More people than ever are shunning traditional car buying in favour of a lease agreement – either through a PCH plan (personal contract hire) or a PCP plan (personal contract purchase). But new research suggests that over half of all of these drivers do not fully understand their company’s fair wear and tear policy and are not fully clued up on the terms. Do you fall into this category? 89% of charges made to people leasing cars are for repairs, as opposed to other issues such as missing keys or exceeding mileage. Most of these come as unexpected to the driver. So how can you avoid these extra charges?
Firstly, make sure that you thoroughly read your paperwork. A full understanding of what the terms entail is important when leasing any vehicle. Make yourself familiar with your cars fair wear and tear policy. Not just at the beginning of the lease, but a few weeks before the end of your lease too. As you reach the last few weeks of your lease, and you’ve given the car a good clean inside and out, assess your car for any damage that would be chargeable once you return your car. You can then shop around for quotes from a third-party company.

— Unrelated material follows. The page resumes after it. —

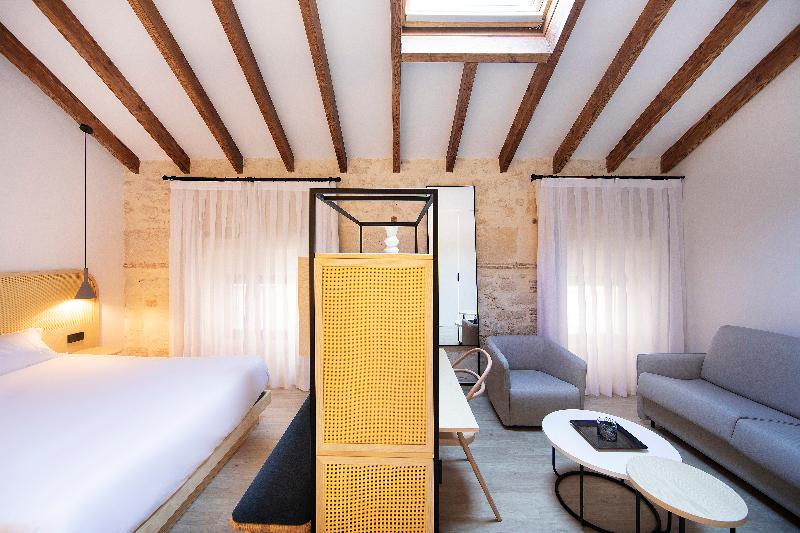 Suite with Terrace, Serawa Alicante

However, before getting any repairs done, check that your policy allows repairs from a third-party company. This is often cheaper than what the leasing company would charge so it is worth checking out.
If your policy does not allow you to use a third-party company for the repairs, you could always try negotiating with the lease company – this is where your quotes from the third-party company may help you to establish a reasonable cost for repairs when you attempt to negotiate.